On Code Review Cred

In the Preliminary CredSperiment Cred mega topic, we had some interesting discussion around valuing code reviews.

@Beanow makes a really good point here. SourceCred should actively support and encourage the collaborative norms of open-source. However, the approach I described originally could have the opposite effect. If each PR is only “worth” a certain amount of cred, and it gets split between the author and reviewers, then authors may resent reviewers for “taking” some of “their” cred. This would be socially harmful. It’s also just “wrong” in that it fails to model the value creation from code reviews. Code reviews both improve the quality of the code, and distributing knowledge about changes to the code, thereby decreasing the project’s bus factor. So good reviews should create more cred, since they create more value.

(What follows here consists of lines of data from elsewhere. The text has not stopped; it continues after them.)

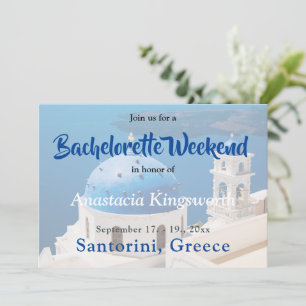 Invitation Bachelorette Weekend Santorini filles voyage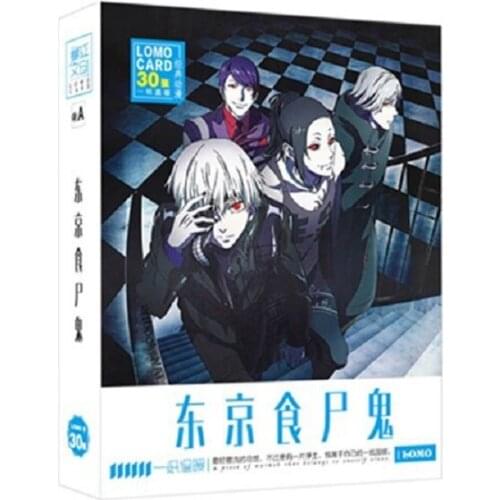 30 Sheets/Set Tokyo Ghoul LOMO Card Animation Bronzing Greeting Card Message Card Anime Around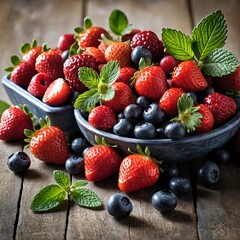 Obraz premium Fresh Berries and Mint in Rustic Bowl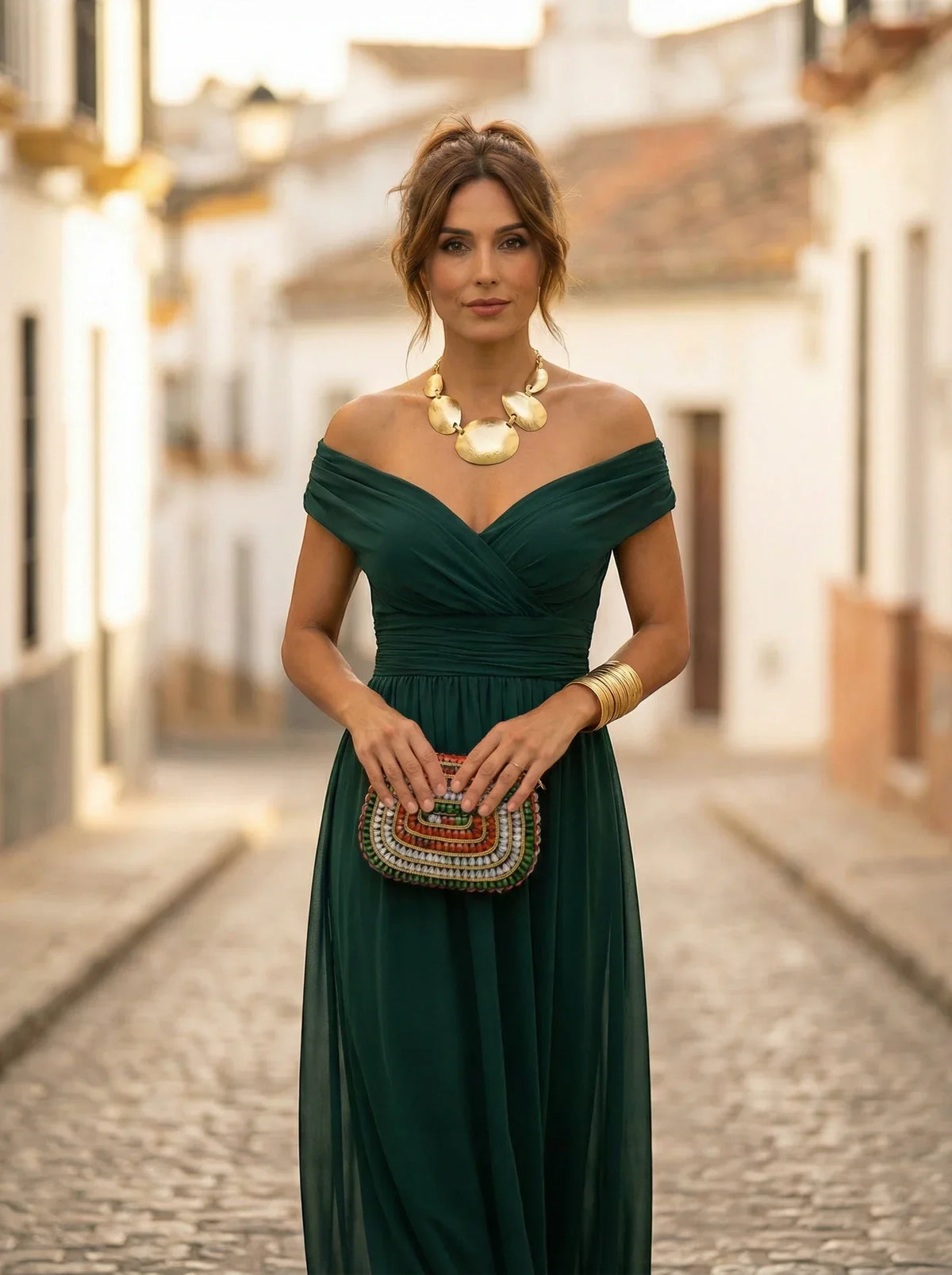 Damen Abendkleid lang Emma – Eleganter Trägerschnitt mit Drapierung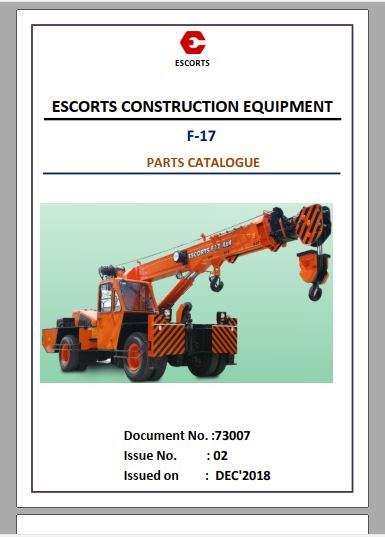 CATALOGO DE PEÇAS PDF GUINDASTE F17 4X4 - ESCORTS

However, I’m concerned by the idea of just unconditionally giving cred to the reviews, especially giving more cred to the first reviews. It defines a game whose rules are “earn cred by reviewing as many pulls as soon as possible”. Not the best incentives. :slight_smile:

One solution could be to have the extra cred of a pull get “unlocked” if the pull request author gives it a positive reaction. Basically, if the pull author gives a :+1: or :heart: reaction to the review, above and beyond the standard “flow cred from reacting user to thing being reacted to” rule, it would create a special “review appreciated” edge from the pull itself to the review. This special edge would come with some newly minted cred (configurable per weights, of course).

This would change the game from “review as many as fast as possible” to “write reviews that the pull request author explicitly appreciates”. By putting a human in the loop, I think it will mitigate a lot of attacks where people earn cred via spammy or superficial reviews.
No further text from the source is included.